= Beginning of Section =

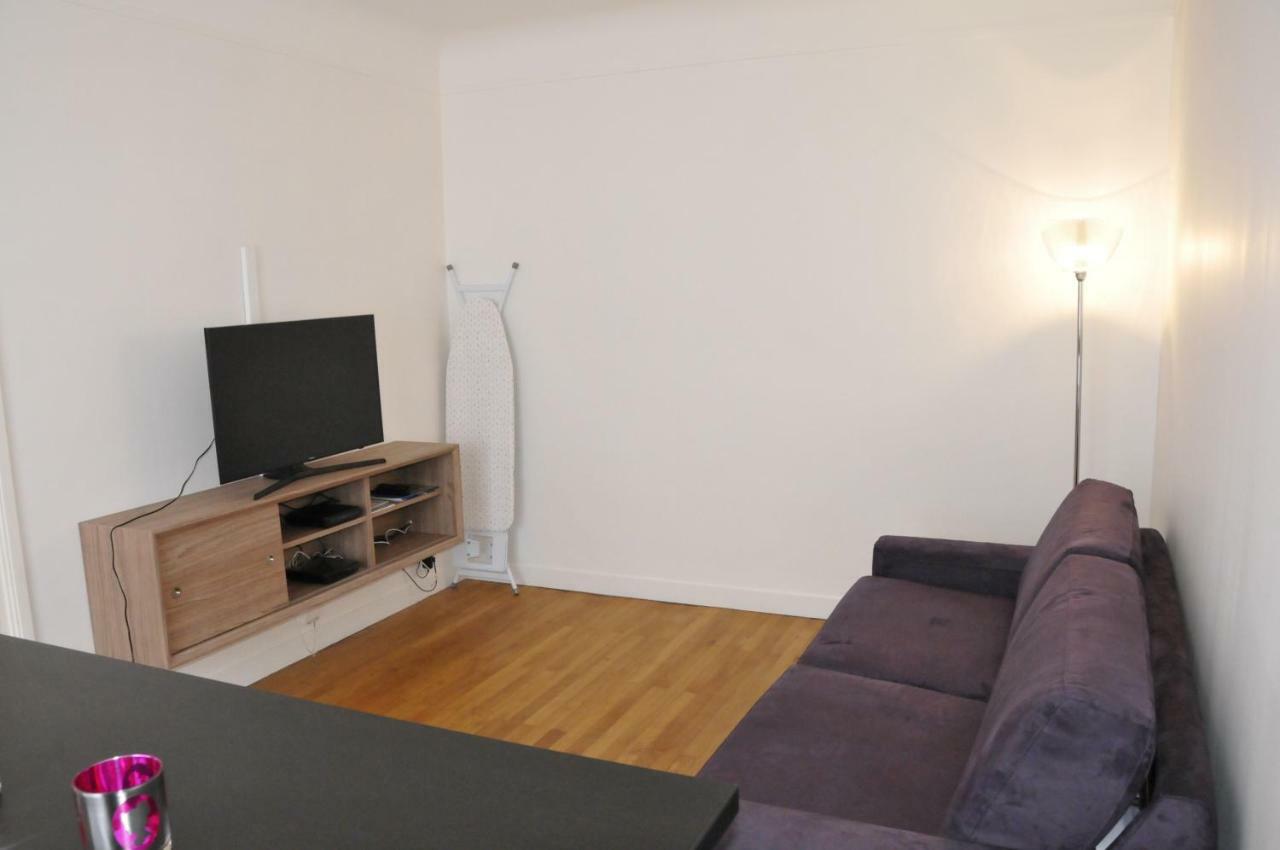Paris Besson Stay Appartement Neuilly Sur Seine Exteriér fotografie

= End of Section =
= Beginning of Section =

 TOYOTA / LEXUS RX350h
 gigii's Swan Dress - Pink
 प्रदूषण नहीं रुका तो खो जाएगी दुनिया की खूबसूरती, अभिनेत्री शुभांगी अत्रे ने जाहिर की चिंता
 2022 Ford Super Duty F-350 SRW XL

= End of Section =

- [Your objective]
Go to the line with "TOYOTA / LEXUS RX350h" in the entries above and repeat every line from there through the line with "2022 Ford Super Duty F-350 SRW XL", exactly and with no other text.

- [The answer]
 TOYOTA / LEXUS RX350h
 gigii's Swan Dress - Pink
 प्रदूषण नहीं रुका तो खो जाएगी दुनिया की खूबसूरती, अभिनेत्री शुभांगी अत्रे ने जाहिर की चिंता
 2022 Ford Super Duty F-350 SRW XL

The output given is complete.